* _Goal of the exercise_:
The lines to reproduce run from the one containing "Hayle online show" through the end of the records below. Reproduce them exactly and add nothing.

-------------------------

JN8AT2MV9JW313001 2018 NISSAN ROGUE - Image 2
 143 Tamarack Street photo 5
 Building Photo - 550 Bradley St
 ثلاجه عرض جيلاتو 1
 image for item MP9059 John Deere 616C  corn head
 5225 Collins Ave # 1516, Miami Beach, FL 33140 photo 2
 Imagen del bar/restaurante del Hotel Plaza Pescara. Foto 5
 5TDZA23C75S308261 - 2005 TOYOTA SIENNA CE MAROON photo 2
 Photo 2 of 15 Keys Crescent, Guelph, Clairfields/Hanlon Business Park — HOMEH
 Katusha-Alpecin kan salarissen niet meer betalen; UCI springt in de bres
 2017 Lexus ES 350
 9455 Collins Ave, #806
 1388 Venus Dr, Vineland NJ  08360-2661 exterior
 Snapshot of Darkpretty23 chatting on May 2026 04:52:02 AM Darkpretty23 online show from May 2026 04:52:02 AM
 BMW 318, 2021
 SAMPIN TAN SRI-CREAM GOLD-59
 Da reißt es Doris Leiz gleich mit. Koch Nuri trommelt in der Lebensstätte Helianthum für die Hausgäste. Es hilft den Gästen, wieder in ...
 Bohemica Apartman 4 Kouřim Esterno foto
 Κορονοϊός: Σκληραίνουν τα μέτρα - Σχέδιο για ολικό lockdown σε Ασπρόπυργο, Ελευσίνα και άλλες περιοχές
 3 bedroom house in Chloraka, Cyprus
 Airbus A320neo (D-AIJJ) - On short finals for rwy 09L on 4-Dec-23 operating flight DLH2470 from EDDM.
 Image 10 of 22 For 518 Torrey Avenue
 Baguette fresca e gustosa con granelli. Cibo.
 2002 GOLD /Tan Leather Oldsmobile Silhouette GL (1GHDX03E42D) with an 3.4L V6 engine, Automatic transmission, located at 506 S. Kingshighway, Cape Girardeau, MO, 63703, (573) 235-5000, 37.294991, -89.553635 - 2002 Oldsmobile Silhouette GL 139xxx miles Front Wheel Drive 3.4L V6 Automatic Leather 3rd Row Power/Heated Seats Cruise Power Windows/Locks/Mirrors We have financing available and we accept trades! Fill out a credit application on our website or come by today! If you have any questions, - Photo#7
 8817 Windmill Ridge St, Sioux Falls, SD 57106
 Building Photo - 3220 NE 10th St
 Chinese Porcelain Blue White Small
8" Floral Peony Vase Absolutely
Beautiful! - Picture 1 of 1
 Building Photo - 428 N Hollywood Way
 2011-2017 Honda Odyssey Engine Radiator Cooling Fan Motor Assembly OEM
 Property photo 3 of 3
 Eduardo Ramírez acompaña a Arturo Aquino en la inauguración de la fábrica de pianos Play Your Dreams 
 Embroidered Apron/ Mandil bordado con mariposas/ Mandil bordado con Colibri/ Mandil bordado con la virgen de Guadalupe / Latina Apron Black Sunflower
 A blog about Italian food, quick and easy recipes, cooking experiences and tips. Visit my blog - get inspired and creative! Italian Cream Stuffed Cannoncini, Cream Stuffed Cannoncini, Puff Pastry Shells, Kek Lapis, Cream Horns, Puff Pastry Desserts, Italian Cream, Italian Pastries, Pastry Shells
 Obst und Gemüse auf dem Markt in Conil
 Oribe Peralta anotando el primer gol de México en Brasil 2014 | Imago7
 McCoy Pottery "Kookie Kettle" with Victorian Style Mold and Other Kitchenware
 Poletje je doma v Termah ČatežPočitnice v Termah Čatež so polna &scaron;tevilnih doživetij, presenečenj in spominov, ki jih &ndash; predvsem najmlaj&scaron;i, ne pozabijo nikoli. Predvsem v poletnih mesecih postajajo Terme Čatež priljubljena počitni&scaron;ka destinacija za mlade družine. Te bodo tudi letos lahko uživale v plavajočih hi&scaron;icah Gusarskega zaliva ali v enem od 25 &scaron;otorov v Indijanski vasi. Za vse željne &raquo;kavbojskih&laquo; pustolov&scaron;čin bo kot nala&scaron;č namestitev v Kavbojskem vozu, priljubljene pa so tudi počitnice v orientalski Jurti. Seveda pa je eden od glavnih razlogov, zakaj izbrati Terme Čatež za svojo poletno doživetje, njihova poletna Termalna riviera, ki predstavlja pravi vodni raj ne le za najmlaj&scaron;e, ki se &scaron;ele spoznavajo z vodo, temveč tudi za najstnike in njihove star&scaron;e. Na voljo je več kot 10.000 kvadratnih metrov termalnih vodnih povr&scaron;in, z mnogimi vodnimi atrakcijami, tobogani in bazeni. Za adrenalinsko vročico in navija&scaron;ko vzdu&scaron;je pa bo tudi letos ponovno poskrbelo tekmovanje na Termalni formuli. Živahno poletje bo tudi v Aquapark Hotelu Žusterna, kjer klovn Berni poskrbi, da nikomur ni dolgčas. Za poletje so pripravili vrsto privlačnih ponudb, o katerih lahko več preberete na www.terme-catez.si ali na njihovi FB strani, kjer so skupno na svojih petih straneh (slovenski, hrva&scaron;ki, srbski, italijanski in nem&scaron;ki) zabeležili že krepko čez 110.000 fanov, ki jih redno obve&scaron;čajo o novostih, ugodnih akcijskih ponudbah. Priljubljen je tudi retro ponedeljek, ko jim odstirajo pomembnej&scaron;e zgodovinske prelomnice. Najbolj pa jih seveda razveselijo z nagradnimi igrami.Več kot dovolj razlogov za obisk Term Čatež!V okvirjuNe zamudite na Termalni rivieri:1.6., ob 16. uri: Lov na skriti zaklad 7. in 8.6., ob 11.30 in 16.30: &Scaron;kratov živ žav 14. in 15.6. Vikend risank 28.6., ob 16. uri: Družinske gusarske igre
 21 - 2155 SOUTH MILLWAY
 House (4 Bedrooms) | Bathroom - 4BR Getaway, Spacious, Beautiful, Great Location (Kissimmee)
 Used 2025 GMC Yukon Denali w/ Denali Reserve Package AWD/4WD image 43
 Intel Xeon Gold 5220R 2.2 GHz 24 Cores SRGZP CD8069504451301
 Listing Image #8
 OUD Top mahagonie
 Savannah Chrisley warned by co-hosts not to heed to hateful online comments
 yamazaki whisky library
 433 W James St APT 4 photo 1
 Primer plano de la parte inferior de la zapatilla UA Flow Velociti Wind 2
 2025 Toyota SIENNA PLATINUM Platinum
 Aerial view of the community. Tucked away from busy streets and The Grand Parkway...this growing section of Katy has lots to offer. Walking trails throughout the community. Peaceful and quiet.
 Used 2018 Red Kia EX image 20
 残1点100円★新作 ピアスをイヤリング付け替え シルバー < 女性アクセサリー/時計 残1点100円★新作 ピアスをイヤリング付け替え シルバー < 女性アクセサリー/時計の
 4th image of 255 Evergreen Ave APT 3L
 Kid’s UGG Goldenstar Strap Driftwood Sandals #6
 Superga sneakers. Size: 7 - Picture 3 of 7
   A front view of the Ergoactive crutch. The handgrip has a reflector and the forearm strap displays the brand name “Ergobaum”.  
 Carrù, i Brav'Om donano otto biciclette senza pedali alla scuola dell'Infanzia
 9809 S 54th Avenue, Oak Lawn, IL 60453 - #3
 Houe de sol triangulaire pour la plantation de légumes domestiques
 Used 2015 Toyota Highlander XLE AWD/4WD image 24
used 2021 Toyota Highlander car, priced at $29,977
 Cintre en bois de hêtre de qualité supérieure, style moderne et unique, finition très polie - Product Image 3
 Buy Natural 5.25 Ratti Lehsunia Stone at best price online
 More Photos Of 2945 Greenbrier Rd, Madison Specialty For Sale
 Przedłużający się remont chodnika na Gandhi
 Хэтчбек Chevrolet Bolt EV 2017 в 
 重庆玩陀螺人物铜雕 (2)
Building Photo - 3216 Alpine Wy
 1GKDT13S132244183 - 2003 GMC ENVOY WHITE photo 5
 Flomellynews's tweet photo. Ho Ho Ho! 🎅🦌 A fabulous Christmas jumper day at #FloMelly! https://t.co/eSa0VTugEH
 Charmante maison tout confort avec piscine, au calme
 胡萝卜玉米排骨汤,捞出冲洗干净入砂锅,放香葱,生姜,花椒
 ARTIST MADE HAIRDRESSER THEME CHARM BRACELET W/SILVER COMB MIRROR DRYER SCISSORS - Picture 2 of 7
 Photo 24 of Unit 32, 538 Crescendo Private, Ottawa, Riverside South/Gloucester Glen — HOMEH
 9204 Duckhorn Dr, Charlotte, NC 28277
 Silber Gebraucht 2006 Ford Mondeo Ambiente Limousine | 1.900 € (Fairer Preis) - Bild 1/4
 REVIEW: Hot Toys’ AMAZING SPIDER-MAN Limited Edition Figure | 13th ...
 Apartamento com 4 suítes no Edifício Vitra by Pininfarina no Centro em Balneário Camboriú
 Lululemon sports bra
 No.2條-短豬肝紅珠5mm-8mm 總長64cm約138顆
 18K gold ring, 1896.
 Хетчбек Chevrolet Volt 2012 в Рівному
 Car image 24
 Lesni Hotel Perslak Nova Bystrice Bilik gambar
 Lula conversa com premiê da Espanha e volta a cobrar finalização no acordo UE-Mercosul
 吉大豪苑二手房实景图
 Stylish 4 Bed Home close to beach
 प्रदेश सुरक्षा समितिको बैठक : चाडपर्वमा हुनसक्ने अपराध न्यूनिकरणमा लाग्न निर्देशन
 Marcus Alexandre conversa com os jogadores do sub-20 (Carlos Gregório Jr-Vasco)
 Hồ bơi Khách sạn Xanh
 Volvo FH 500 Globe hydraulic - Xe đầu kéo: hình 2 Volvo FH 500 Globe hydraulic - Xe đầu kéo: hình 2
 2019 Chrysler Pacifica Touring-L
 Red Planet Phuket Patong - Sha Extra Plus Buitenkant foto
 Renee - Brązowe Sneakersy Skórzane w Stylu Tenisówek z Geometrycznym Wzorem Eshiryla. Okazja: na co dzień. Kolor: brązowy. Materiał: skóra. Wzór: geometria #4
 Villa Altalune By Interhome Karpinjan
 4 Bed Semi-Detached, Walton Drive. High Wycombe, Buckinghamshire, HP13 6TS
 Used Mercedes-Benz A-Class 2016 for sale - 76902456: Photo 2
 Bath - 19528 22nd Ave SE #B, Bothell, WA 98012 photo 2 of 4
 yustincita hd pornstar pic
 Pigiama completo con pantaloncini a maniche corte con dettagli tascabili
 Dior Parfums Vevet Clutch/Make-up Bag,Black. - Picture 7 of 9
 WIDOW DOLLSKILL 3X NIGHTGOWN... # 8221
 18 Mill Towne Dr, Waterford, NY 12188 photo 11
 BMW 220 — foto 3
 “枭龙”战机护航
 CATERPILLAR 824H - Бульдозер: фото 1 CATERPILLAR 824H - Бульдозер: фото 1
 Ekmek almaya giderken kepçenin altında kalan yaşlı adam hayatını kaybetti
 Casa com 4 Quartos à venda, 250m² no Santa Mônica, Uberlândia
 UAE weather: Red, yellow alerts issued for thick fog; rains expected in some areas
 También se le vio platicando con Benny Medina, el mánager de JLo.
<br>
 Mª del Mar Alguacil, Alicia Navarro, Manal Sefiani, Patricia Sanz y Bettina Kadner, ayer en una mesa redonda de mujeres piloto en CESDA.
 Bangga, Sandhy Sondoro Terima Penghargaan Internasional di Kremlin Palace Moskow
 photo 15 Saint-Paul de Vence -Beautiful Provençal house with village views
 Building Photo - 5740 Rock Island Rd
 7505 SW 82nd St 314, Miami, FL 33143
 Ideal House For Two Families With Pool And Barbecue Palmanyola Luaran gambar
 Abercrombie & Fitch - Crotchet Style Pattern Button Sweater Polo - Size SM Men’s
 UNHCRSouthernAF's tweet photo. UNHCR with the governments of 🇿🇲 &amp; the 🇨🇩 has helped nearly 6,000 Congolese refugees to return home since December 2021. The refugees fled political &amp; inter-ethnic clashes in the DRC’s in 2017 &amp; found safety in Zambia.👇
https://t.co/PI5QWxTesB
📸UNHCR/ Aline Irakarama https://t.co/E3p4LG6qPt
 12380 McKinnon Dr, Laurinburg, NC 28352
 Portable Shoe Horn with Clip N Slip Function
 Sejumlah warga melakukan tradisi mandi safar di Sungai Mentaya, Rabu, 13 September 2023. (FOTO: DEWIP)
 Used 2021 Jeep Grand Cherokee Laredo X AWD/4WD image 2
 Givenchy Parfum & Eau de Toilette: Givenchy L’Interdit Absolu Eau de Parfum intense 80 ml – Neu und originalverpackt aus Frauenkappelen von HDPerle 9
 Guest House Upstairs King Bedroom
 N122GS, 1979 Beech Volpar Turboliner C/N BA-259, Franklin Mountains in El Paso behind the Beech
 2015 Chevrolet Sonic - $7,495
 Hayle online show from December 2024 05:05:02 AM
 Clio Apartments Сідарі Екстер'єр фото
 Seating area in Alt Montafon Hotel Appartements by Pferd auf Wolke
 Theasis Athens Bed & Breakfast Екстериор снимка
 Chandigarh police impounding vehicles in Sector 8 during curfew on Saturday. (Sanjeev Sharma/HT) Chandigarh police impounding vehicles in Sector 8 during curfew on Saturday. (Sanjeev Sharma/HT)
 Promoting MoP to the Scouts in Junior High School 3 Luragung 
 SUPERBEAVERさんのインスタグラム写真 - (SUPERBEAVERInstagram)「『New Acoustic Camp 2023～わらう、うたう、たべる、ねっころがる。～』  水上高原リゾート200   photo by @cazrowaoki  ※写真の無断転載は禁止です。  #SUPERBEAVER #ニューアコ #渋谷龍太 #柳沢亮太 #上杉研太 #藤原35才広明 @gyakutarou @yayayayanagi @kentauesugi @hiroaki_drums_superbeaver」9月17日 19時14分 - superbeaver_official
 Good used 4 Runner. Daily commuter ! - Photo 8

-------------------------

* _The answer_:
 Hayle online show from December 2024 05:05:02 AM
 Clio Apartments Сідарі Екстер'єр фото
 Seating area in Alt Montafon Hotel Appartements by Pferd auf Wolke
 Theasis Athens Bed & Breakfast Екстериор снимка
 Chandigarh police impounding vehicles in Sector 8 during curfew on Saturday. (Sanjeev Sharma/HT) Chandigarh police impounding vehicles in Sector 8 during curfew on Saturday. (Sanjeev Sharma/HT)
 Promoting MoP to the Scouts in Junior High School 3 Luragung 
 SUPERBEAVERさんのインスタグラム写真 - (SUPERBEAVERInstagram)「『New Acoustic Camp 2023～わらう、うたう、たべる、ねっころがる。～』  水上高原リゾート200   photo by @cazrowaoki  ※写真の無断転載は禁止です。  #SUPERBEAVER #ニューアコ #渋谷龍太 #柳沢亮太 #上杉研太 #藤原35才広明 @gyakutarou @yayayayanagi @kentauesugi @hiroaki_drums_superbeaver」9月17日 19時14分 - superbeaver_official
 Good used 4 Runner. Daily commuter ! - Photo 8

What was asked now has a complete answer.